* THE PROBLEM *
When you reach a picture, skip it, and retype every line below exactly.

* Items from a data source *
★ ★ ★
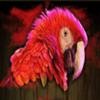 pearl of the caribbean parrot symbol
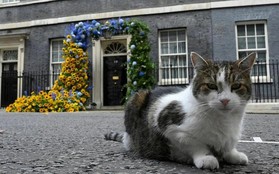 Mèo Larry sẽ đi đâu khi tân Thủ tướng Anh Liz Truss tiếp quản căn nhà số 10 phố Downing?
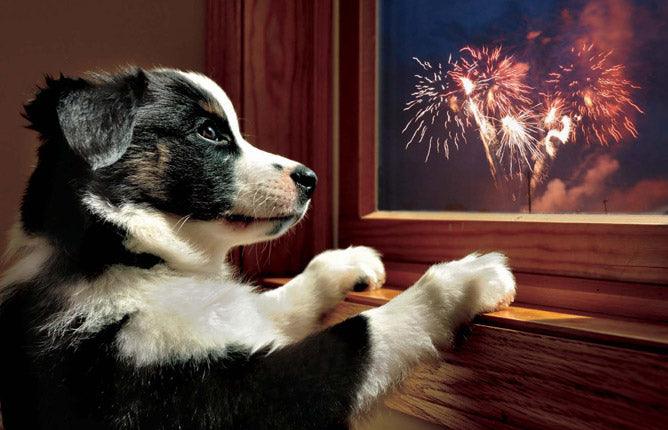 The purr-fect top five tips to keep your pets calm this Bonfire Night! | Purr & Mutt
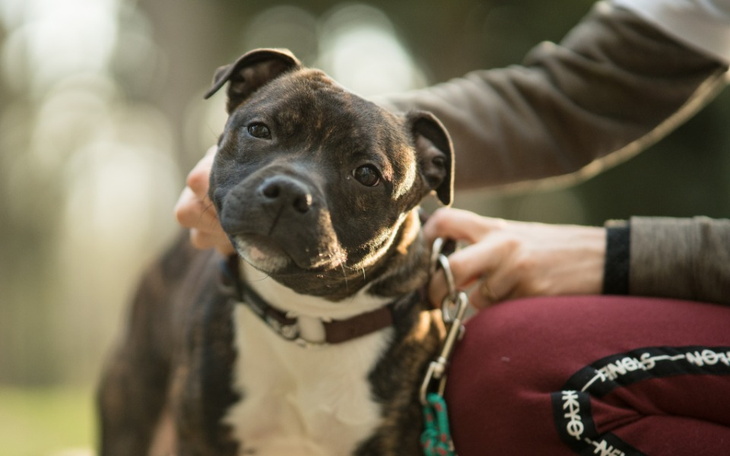 Zbiórka Rezonans i leczenie Nobbiego - zdjęcie główne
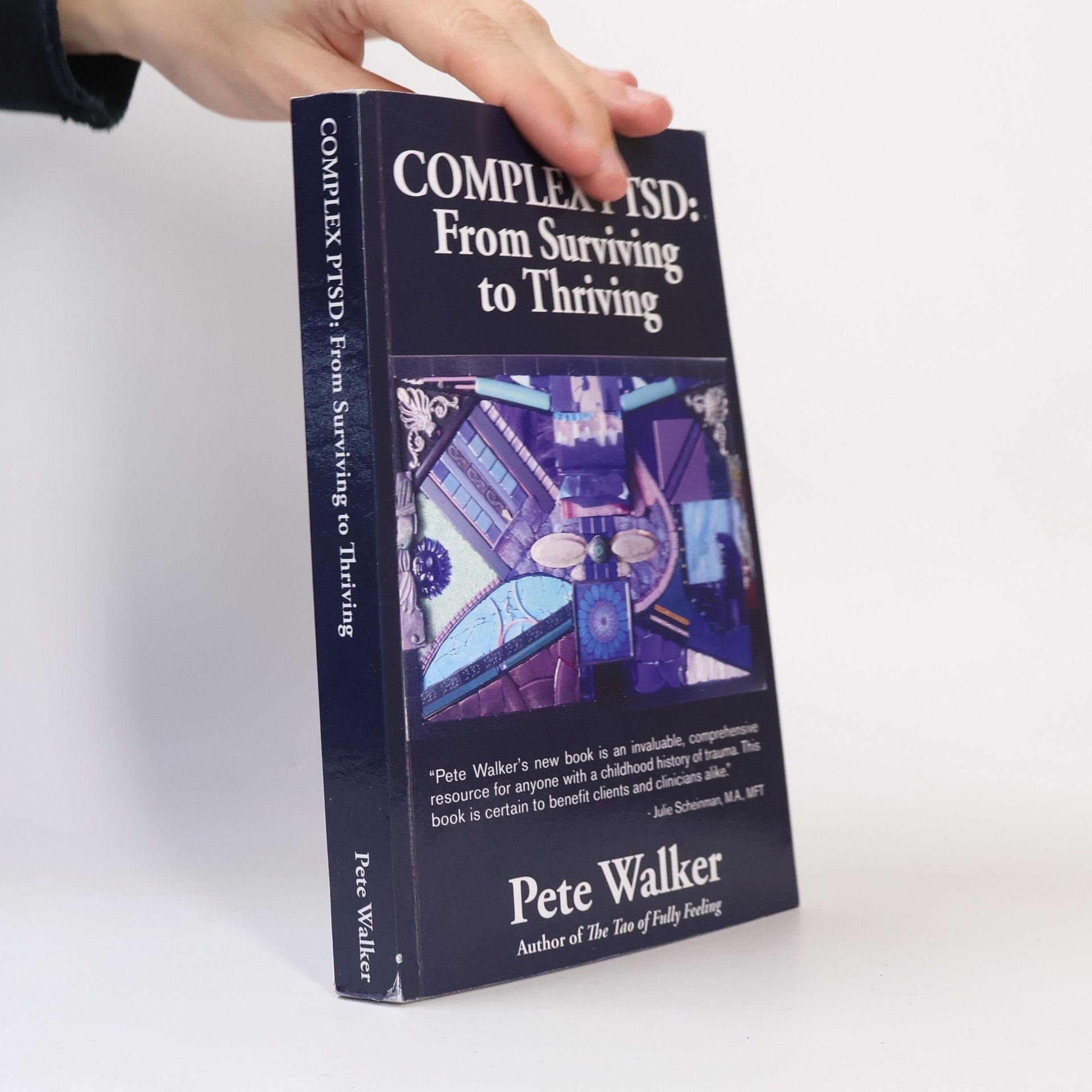 Pete Walker Complex PTSD: from Surviving to Thriving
★ ★ ★
* RESULT FOR THIS EXERCISE *
 pearl of the caribbean parrot symbol
 Mèo Larry sẽ đi đâu khi tân Thủ tướng Anh Liz Truss tiếp quản căn nhà số 10 phố Downing?
 The purr-fect top five tips to keep your pets calm this Bonfire Night! | Purr & Mutt
 Zbiórka Rezonans i leczenie Nobbiego - zdjęcie główne
 Pete Walker Complex PTSD: from Surviving to Thriving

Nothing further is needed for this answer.